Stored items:
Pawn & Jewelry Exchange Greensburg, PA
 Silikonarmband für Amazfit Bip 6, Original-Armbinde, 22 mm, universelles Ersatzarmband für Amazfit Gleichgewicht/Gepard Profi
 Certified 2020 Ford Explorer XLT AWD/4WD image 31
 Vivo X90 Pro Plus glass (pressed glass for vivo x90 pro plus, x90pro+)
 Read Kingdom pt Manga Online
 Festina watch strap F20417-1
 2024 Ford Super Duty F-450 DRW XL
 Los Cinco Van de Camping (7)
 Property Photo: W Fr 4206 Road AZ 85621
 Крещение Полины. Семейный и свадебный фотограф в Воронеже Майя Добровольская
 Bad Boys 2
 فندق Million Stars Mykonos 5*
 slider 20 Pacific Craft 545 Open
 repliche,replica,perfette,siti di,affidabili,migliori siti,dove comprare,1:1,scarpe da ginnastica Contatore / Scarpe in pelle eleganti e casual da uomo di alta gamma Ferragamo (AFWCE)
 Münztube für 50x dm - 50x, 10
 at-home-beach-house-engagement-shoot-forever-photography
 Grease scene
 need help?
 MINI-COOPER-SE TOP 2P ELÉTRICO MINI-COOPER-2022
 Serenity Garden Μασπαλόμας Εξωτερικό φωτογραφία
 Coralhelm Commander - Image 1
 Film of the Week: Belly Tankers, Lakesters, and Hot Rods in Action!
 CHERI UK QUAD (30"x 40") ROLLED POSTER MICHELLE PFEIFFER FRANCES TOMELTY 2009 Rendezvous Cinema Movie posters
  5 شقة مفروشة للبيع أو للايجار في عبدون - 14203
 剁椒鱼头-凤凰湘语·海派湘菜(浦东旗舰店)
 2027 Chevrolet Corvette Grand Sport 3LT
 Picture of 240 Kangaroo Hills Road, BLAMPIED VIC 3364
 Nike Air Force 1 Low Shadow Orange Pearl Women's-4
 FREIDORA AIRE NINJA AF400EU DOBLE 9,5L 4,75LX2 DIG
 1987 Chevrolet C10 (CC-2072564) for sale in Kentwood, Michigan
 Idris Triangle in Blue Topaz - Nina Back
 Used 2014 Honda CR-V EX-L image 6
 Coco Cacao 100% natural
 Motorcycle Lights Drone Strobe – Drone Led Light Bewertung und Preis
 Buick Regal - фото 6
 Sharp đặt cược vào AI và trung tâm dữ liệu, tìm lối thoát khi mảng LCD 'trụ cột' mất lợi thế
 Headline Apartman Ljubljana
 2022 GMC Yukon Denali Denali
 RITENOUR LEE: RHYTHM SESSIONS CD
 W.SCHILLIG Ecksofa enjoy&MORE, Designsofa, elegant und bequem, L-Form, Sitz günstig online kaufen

▶ _What to work on_
Lines from the first one above through the line containing "2022 GMC Yukon Denali Denali" are to be retyped exactly, both included, and nothing more.

▶ _Response to this task_
Pawn & Jewelry Exchange Greensburg, PA
 Silikonarmband für Amazfit Bip 6, Original-Armbinde, 22 mm, universelles Ersatzarmband für Amazfit Gleichgewicht/Gepard Profi
 Certified 2020 Ford Explorer XLT AWD/4WD image 31
 Vivo X90 Pro Plus glass (pressed glass for vivo x90 pro plus, x90pro+)
 Read Kingdom pt Manga Online
 Festina watch strap F20417-1
 2024 Ford Super Duty F-450 DRW XL
 Los Cinco Van de Camping (7)
 Property Photo: W Fr 4206 Road AZ 85621
 Крещение Полины. Семейный и свадебный фотограф в Воронеже Майя Добровольская
 Bad Boys 2
 فندق Million Stars Mykonos 5*
 slider 20 Pacific Craft 545 Open
 repliche,replica,perfette,siti di,affidabili,migliori siti,dove comprare,1:1,scarpe da ginnastica Contatore / Scarpe in pelle eleganti e casual da uomo di alta gamma Ferragamo (AFWCE)
 Münztube für 50x dm - 50x, 10
 at-home-beach-house-engagement-shoot-forever-photography
 Grease scene
 need help?
 MINI-COOPER-SE TOP 2P ELÉTRICO MINI-COOPER-2022
 Serenity Garden Μασπαλόμας Εξωτερικό φωτογραφία
 Coralhelm Commander - Image 1
 Film of the Week: Belly Tankers, Lakesters, and Hot Rods in Action!
 CHERI UK QUAD (30"x 40") ROLLED POSTER MICHELLE PFEIFFER FRANCES TOMELTY 2009 Rendezvous Cinema Movie posters
  5 شقة مفروشة للبيع أو للايجار في عبدون - 14203
 剁椒鱼头-凤凰湘语·海派湘菜(浦东旗舰店)
 2027 Chevrolet Corvette Grand Sport 3LT
 Picture of 240 Kangaroo Hills Road, BLAMPIED VIC 3364
 Nike Air Force 1 Low Shadow Orange Pearl Women's-4
 FREIDORA AIRE NINJA AF400EU DOBLE 9,5L 4,75LX2 DIG
 1987 Chevrolet C10 (CC-2072564) for sale in Kentwood, Michigan
 Idris Triangle in Blue Topaz - Nina Back
 Used 2014 Honda CR-V EX-L image 6
 Coco Cacao 100% natural
 Motorcycle Lights Drone Strobe – Drone Led Light Bewertung und Preis
 Buick Regal - фото 6
 Sharp đặt cược vào AI và trung tâm dữ liệu, tìm lối thoát khi mảng LCD 'trụ cột' mất lợi thế
 Headline Apartman Ljubljana
 2022 GMC Yukon Denali Denali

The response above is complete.